2025年、歌舞伎の三大名作の通し上演として『仮名手本忠臣蔵』『菅原伝授手習鑑』を上演してきた歌舞伎座に、いよいよ最後の演目『義経千本桜』が登場する。

源氏と平家が存亡を賭けて戦った「壇ノ浦の戦い」のその後を描いた本作。平家を滅ぼした立役者である源義経は兄の源頼朝から追われる身となり、滅ぼされたはずの平知盛、維盛、教経は実は生きていて幼い安徳天皇と共に身を潜め、復讐の機会を狙っているという設定だ。

船宿の主人・銀平になりすまして義経一行を迎え入れ討とうとする知盛、素行が悪く「いがみの権太」と呼ばれているならず者の権太、義経の愛妾でありながらも義経が都から落ち延びる際に同行を許されなかった静御前を護る佐藤忠信実は源九郎狐らを中心に、多彩な人間模様が繰り広げられる物語は、見どころ満載である。

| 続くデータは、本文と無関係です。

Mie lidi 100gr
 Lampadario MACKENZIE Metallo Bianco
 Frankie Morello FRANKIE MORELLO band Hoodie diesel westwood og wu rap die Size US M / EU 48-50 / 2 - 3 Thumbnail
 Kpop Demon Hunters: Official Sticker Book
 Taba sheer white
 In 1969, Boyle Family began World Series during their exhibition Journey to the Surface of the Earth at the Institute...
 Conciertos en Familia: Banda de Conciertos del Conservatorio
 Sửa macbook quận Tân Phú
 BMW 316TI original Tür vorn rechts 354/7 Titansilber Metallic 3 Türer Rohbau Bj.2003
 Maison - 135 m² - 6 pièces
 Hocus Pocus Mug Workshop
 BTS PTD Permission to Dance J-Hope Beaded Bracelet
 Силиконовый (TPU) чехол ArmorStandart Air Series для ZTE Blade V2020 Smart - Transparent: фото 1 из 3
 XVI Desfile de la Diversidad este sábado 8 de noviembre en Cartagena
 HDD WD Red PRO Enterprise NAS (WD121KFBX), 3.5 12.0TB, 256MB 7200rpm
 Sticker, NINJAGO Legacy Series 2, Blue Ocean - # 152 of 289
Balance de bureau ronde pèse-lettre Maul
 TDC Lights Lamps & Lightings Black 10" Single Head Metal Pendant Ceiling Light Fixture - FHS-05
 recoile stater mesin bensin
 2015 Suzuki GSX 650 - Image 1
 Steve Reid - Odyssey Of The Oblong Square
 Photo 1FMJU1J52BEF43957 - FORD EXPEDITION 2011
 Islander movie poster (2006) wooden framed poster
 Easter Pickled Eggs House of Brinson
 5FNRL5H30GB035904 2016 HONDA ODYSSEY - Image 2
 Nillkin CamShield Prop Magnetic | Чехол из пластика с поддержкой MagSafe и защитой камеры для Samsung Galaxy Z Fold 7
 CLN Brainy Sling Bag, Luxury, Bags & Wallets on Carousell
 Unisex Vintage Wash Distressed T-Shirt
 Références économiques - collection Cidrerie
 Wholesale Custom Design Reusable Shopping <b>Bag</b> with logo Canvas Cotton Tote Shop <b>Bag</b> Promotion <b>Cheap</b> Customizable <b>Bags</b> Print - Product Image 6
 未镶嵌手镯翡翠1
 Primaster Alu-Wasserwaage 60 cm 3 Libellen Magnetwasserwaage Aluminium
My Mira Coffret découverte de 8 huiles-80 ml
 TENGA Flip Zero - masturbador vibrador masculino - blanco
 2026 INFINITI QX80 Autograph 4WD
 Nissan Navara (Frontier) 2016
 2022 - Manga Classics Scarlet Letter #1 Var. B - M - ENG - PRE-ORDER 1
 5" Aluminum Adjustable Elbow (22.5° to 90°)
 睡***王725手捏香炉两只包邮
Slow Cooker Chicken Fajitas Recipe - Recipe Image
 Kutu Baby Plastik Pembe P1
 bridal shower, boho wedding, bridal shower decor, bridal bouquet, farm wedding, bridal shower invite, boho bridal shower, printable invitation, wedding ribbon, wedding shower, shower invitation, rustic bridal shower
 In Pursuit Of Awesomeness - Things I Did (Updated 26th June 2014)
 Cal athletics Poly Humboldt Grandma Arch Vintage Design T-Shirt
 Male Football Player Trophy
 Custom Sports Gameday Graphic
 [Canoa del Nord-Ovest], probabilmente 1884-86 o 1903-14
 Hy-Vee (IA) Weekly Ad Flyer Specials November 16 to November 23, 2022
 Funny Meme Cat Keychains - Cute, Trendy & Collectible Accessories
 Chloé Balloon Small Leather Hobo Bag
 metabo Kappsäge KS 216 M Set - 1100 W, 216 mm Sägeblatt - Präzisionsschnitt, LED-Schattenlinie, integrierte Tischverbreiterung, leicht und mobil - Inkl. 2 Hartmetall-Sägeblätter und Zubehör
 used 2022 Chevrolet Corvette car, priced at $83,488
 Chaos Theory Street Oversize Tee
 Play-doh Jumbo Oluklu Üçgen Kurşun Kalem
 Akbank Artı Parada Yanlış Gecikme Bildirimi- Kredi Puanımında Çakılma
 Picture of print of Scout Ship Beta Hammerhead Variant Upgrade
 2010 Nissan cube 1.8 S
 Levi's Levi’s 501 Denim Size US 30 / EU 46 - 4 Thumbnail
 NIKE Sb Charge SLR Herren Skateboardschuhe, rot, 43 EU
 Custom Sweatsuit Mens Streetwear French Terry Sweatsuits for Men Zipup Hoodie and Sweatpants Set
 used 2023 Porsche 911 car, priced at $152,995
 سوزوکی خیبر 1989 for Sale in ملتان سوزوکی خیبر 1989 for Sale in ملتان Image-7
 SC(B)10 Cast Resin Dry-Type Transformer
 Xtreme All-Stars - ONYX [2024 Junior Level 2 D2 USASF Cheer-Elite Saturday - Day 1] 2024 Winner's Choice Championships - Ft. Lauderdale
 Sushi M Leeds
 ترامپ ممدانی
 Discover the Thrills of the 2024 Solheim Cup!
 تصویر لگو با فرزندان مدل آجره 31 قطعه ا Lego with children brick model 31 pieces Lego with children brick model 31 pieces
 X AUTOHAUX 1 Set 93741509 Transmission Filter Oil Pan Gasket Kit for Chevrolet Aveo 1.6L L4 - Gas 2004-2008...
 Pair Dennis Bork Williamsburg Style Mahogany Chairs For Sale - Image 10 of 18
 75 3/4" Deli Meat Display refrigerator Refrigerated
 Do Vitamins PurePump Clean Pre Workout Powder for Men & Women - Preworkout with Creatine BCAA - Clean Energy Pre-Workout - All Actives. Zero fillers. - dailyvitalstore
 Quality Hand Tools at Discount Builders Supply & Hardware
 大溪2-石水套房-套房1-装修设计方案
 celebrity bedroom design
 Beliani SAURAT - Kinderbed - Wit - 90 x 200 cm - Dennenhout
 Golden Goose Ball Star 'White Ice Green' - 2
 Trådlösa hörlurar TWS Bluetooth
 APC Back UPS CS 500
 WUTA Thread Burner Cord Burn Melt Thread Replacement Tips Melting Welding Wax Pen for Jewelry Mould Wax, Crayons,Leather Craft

月の前半をAプロ、後半をBプロとするWキャスト。いがみの権太を尾上松緑(Aプロ)/片岡仁左衛門(Bプロ)が演じるほか、佐藤忠信実は源九郎狐を市川團子(Aプロ)/尾上右近(Bプロ)、渡海屋銀平実は新中納言知盛を中村隼人(Aプロ)/坂東巳之助(Bプロ)など。詳細は公式ウェブサイトで確認しよう。

※10月1日〜21日/第一部は11時〜、第二部は15時〜、第三部は18時40分から/休演日は10日/料金は4,500円から(席によって異なる)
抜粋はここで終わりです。